(Dataset records Opens)

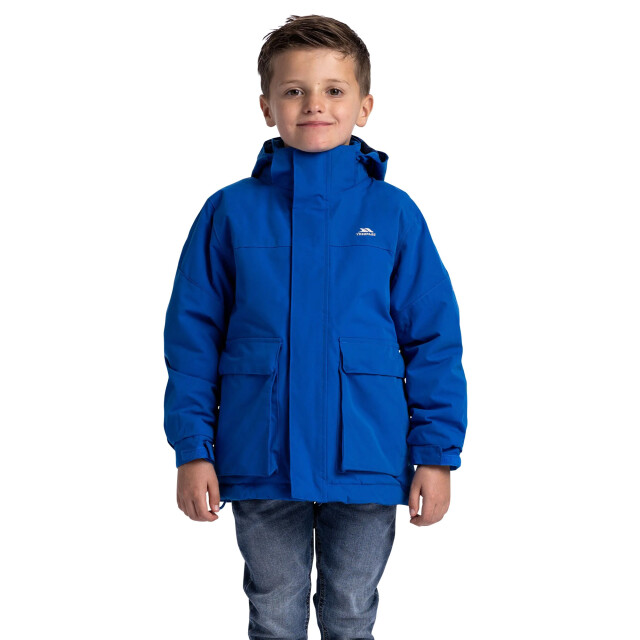 Trespass Jongens lost tp50 waterdichte jas UTTP6044_blue large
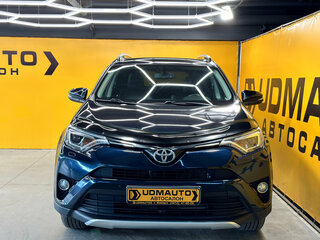 2019 Toyota RAV4 IV (XA40) Рестайлинг, синий, 2329000 рублей, вид 2
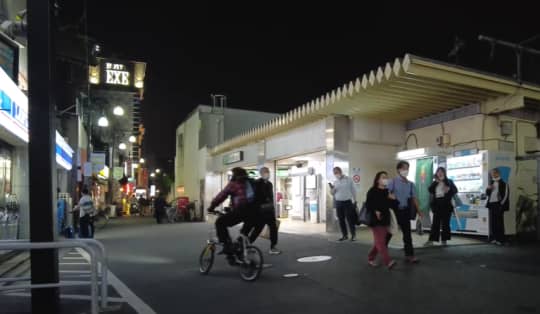 鶯谷駅前エリア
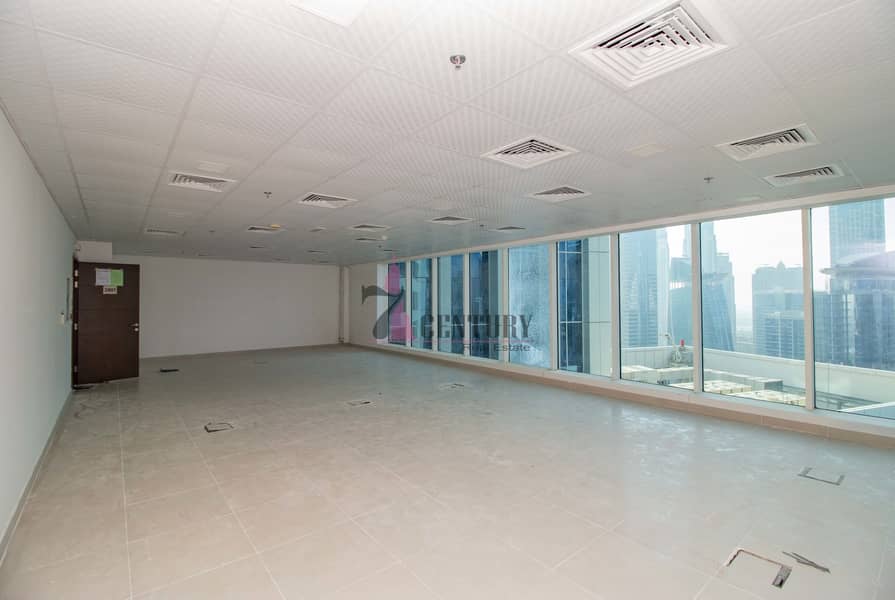 Fully Fitted Big Size Office | High Floor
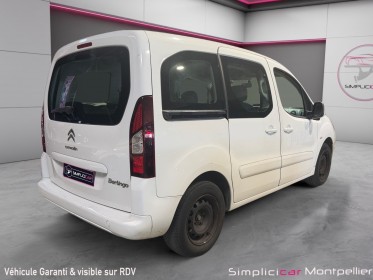 Citroen berlingo multispace hdi 75 confort garantie 12 mois occasion montpellier (34) simplicicar simplicibike france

(Dataset records Closes)

> _Exercise description_
Copy out each record word for word and omit any pictures.

> _Answer to the problem_
 Trespass Jongens lost tp50 waterdichte jas UTTP6044_blue large
 2019 Toyota RAV4 IV (XA40) Рестайлинг, синий, 2329000 рублей, вид 2
 鶯谷駅前エリア
 Fully Fitted Big Size Office | High Floor
 Citroen berlingo multispace hdi 75 confort garantie 12 mois occasion montpellier (34) simplicicar simplicibike france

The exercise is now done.